_Exercise aim_
Restate all entries exactly.

Start of Input

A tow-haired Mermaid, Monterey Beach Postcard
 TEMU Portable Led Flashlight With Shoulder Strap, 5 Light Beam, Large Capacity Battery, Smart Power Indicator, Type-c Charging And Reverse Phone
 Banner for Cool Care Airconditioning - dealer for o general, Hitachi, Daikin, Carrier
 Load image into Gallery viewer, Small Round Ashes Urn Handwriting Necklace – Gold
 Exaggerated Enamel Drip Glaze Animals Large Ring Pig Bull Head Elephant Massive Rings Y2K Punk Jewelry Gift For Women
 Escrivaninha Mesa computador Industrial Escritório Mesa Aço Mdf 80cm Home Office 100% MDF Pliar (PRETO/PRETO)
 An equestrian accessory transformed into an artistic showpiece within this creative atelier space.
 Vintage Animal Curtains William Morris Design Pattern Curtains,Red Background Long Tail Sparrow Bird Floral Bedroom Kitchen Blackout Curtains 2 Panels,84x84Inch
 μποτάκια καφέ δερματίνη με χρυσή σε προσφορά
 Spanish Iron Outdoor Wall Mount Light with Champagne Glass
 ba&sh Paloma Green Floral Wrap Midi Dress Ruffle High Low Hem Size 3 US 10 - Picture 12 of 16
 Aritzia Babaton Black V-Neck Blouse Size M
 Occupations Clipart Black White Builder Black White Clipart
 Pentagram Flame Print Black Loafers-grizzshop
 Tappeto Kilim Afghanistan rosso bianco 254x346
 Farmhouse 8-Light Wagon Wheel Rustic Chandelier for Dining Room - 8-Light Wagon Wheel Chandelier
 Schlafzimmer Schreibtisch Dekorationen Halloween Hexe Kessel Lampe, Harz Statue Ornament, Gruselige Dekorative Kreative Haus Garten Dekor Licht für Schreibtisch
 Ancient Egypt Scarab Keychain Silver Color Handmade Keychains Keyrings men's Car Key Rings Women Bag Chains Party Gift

End of Input

_Response to the exercise_
A tow-haired Mermaid, Monterey Beach Postcard
 TEMU Portable Led Flashlight With Shoulder Strap, 5 Light Beam, Large Capacity Battery, Smart Power Indicator, Type-c Charging And Reverse Phone
 Banner for Cool Care Airconditioning - dealer for o general, Hitachi, Daikin, Carrier
 Load image into Gallery viewer, Small Round Ashes Urn Handwriting Necklace – Gold
 Exaggerated Enamel Drip Glaze Animals Large Ring Pig Bull Head Elephant Massive Rings Y2K Punk Jewelry Gift For Women
 Escrivaninha Mesa computador Industrial Escritório Mesa Aço Mdf 80cm Home Office 100% MDF Pliar (PRETO/PRETO)
 An equestrian accessory transformed into an artistic showpiece within this creative atelier space.
 Vintage Animal Curtains William Morris Design Pattern Curtains,Red Background Long Tail Sparrow Bird Floral Bedroom Kitchen Blackout Curtains 2 Panels,84x84Inch
 μποτάκια καφέ δερματίνη με χρυσή σε προσφορά
 Spanish Iron Outdoor Wall Mount Light with Champagne Glass
 ba&sh Paloma Green Floral Wrap Midi Dress Ruffle High Low Hem Size 3 US 10 - Picture 12 of 16
 Aritzia Babaton Black V-Neck Blouse Size M
 Occupations Clipart Black White Builder Black White Clipart
 Pentagram Flame Print Black Loafers-grizzshop
 Tappeto Kilim Afghanistan rosso bianco 254x346
 Farmhouse 8-Light Wagon Wheel Rustic Chandelier for Dining Room - 8-Light Wagon Wheel Chandelier
 Schlafzimmer Schreibtisch Dekorationen Halloween Hexe Kessel Lampe, Harz Statue Ornament, Gruselige Dekorative Kreative Haus Garten Dekor Licht für Schreibtisch
 Ancient Egypt Scarab Keychain Silver Color Handmade Keychains Keyrings men's Car Key Rings Women Bag Chains Party Gift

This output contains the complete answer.